— TASK DIRECTIONS —
Leaving out the pictures, restate each record below word for word.

(Caption-style text data)

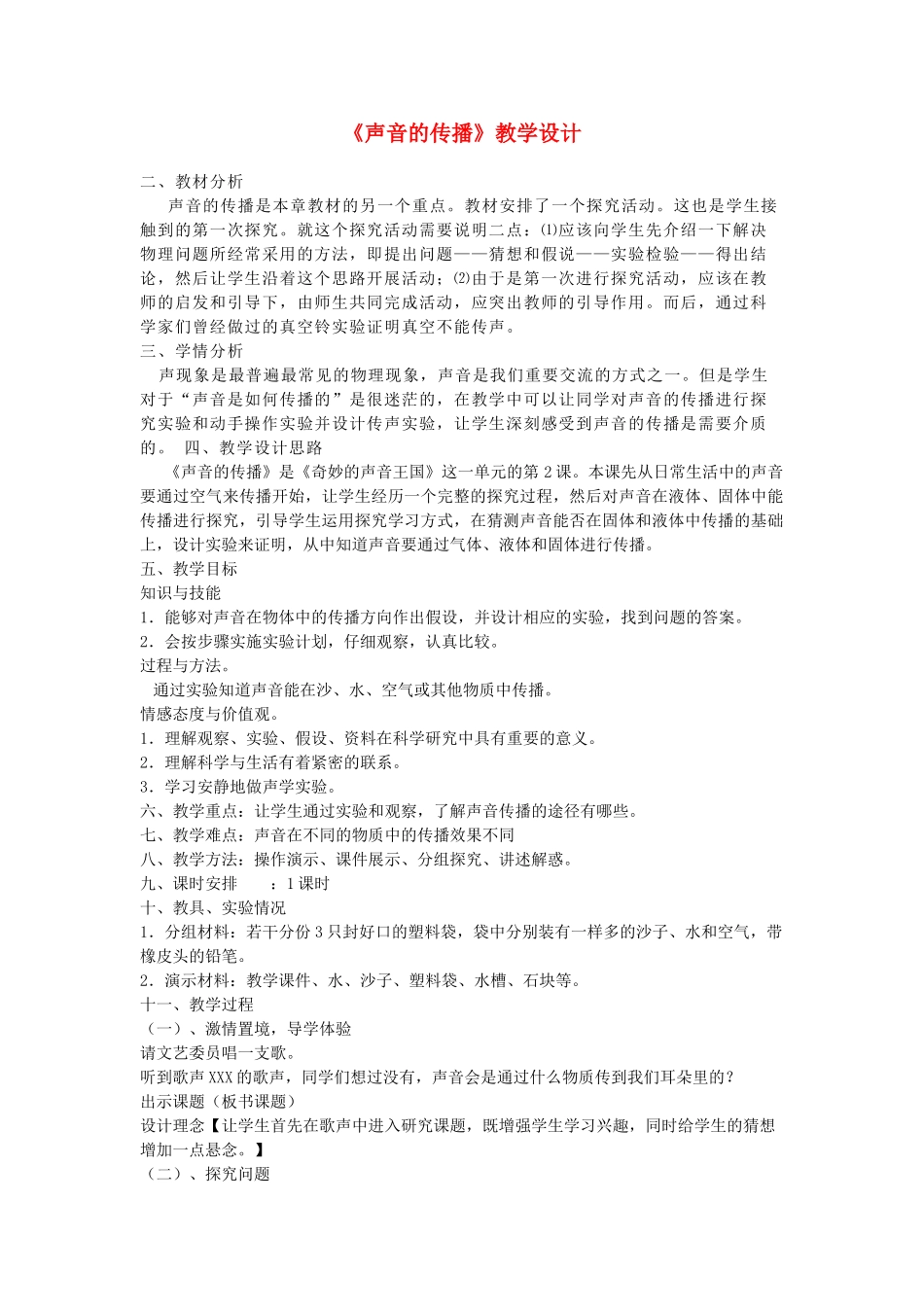 四年级科学下册 二 各种各样的声音 3声音的传播教案 新人教版-新人教版小学四年级下册自然科学教案_第1页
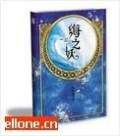 有聲恐怖小說之海之妖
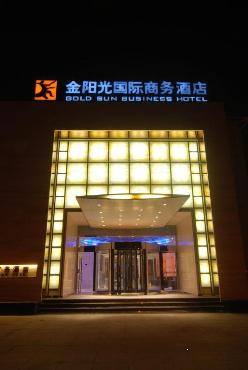 烟台金阳光商务酒店 烟台金阳光商务酒店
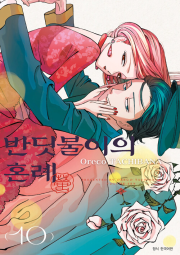 반딧불이의 혼례 10권 만화책 서울미디어코믹스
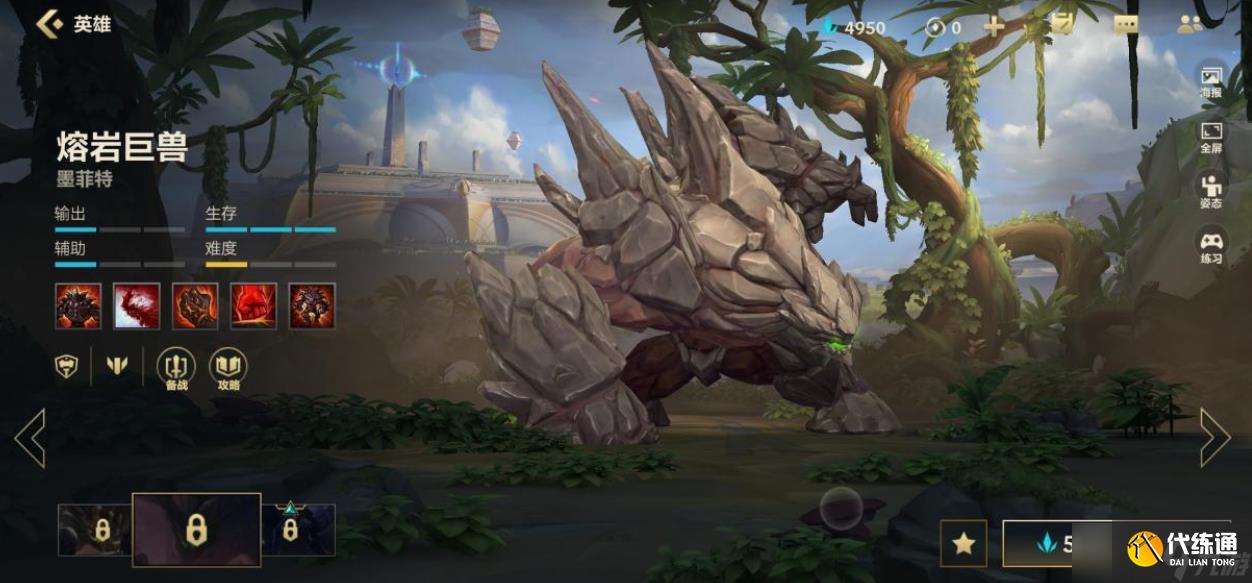 英雄联盟手游地图如何展开战术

— YOUR SOLUTION —
 四年级科学下册 二 各种各样的声音 3声音的传播教案 新人教版-新人教版小学四年级下册自然科学教案_第1页
 有聲恐怖小說之海之妖
 烟台金阳光商务酒店 烟台金阳光商务酒店
 반딧불이의 혼례 10권 만화책 서울미디어코믹스
 英雄联盟手游地图如何展开战术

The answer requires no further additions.